Thanks to our sponsor Chobani, Daley Nutrition ran a series of engaging and interactive school healthy eating workshops at Dandenong South Primary School last November. Students showed great enthusiasm throughout the sessions, asking lots of questions and happily participating in all the activities.
The workshops were based on the Australian Guide to Healthy Eating. This visually represents the proportion of the five key food groups recommended as part of a balanced diet. The key focus of the workshops was to improve the students’ familiarity and consumption of fruit and vegetables. They also aimed to reduce consumption of discretionary foods using superhero & zombie character themes.

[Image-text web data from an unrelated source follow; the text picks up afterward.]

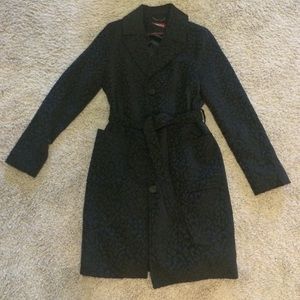 Long Merona Coat with leopard print.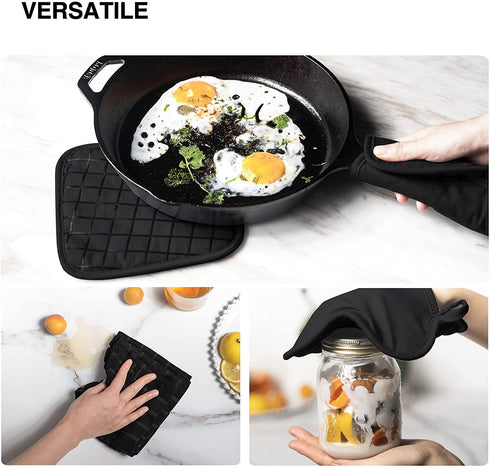 Koroda Oven Mitts: Silicone Oven Mitts Heat Resistant 500 Degrees and Pot Holders for Kitchen (Set of 6, Black)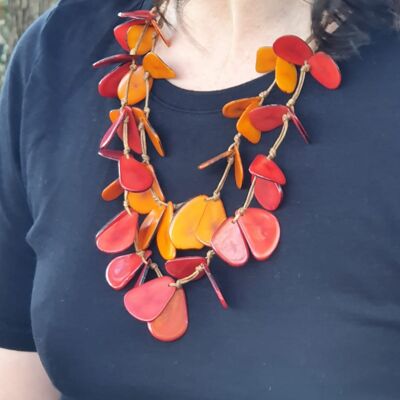 Secca Tagua Nut Necklace - Red and Orange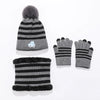 IYEAL Winter Children’s Warm Knitted Hat, Scarf & Gloves Set – Soft Velvet Lined Kids Winter Knitted Accessories for Boys & Girls
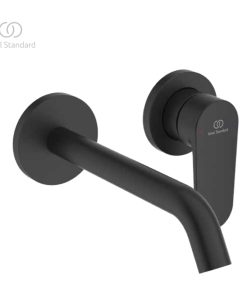 BD776XG CERAFINE O NUOVO | Wall-mounted basin mixer 175x189x112.5 mm, 180 mm spout projection in matt black finish, Kit 1 required, 4 l/min (3 bar), no waste | Flow straightener, Hidden aerator, FirmaFlow
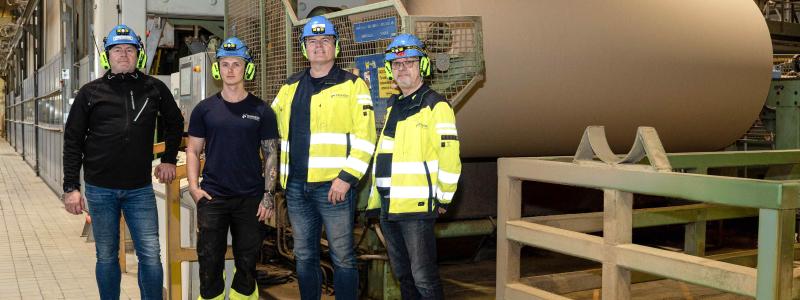 Ranheim Paper & Board team in front of the rebuilt PM5 at their mill in Norway. Photo: Toscotec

Aims of the school workshops
Discussion of how each key food groups benefits the body e.g. dairy and making bones strong
A practical activity involving placement of foods into appropriate food groups
Fun worksheets that got kids thinking about the types of fruit and vegetables they can eat
A taste testing session with common fruit and vegetables
Studies have demonstrated that nutrition programs in schools may increase fruit and vegetable knowledge, attitudes and intake among children (1, 2). They are more successful if a whole-of-school approach is used – this means making sure healthier foods are the easiest choice in the school environment (2). Dandenong South Primary provides healthy food choices to their students every day through their Breakfast Club.
Practical activities with other students in schools can also help young children try new foods (3-5). This was observed during the taste testing component of the workshops, with students getting excited and encouraging each other to try the fruit and vegetables.

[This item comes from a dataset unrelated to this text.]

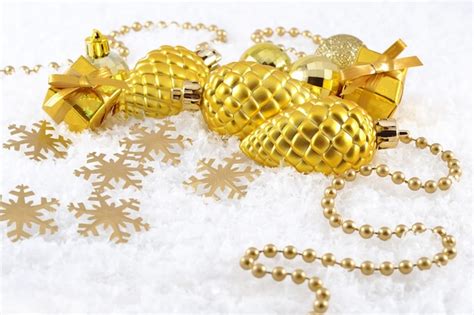 Premium Photo Golden Christmas Decorations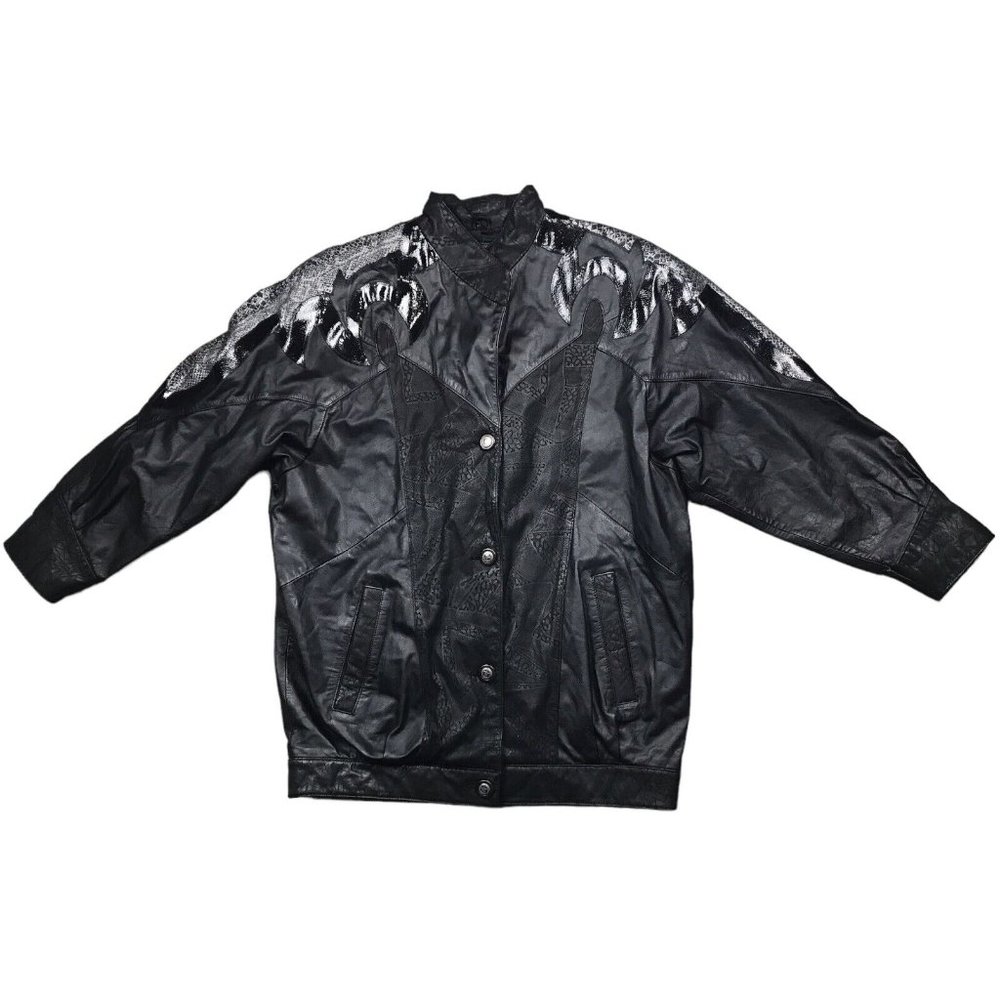 vintage pioneer wear leather jacket women size medium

School Workshops Follow Up
Behavioural change was assessed using the CADET Child and Diet Evaluation Tool (6), which was modified to just capture fruit and vegetable intake. Three months after the workshops, 100% of students that completed the survey were eating more fruit and/or vegetables.
Howerton MW et al. School-based Nutrition Programs Produced a Moderate Increase in Fruit and Vegetable Consumption: Meta and Pooling Analyses from 7 Studies. J Nutr Educ Behav. 2007;39(4): 186-96.

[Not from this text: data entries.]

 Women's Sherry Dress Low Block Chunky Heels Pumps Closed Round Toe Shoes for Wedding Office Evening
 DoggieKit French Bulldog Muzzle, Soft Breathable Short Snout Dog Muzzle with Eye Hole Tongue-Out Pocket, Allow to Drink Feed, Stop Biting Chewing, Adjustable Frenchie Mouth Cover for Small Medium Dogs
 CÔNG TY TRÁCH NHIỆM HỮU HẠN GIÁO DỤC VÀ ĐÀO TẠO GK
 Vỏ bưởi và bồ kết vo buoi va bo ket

Anderson AS et al. The impact of a school-based nutrition education intervention on dietary intake and cognitive and attitudinal variables relating to fruits and vegetables. Public Health Nutr. 2004;8(6): 650-656.
Park B, Cho M. Taste education reduces food neophobia and increases willingness to try novel foods in school children. Nutr Res Pract. 2016;10(2): 221-8.
Reverdy C et al. Effect of sensory education on willingness to taste novel food in children. Appetite. 2008; 51(1): 156-65.
Dazeley P et al. Should healthy eating programmes incorporate interaction with foods in different sensory modalities? A review of the evidence. BJN. 2012. 105 (5): 769-77.
Cade JE et al. Assessment of diet in young children with an emphasis on fruit and vegetable intake: using CADET – Child and Diet Evaluation Tool. Public Health Nutr. 2006;9(4):501-8.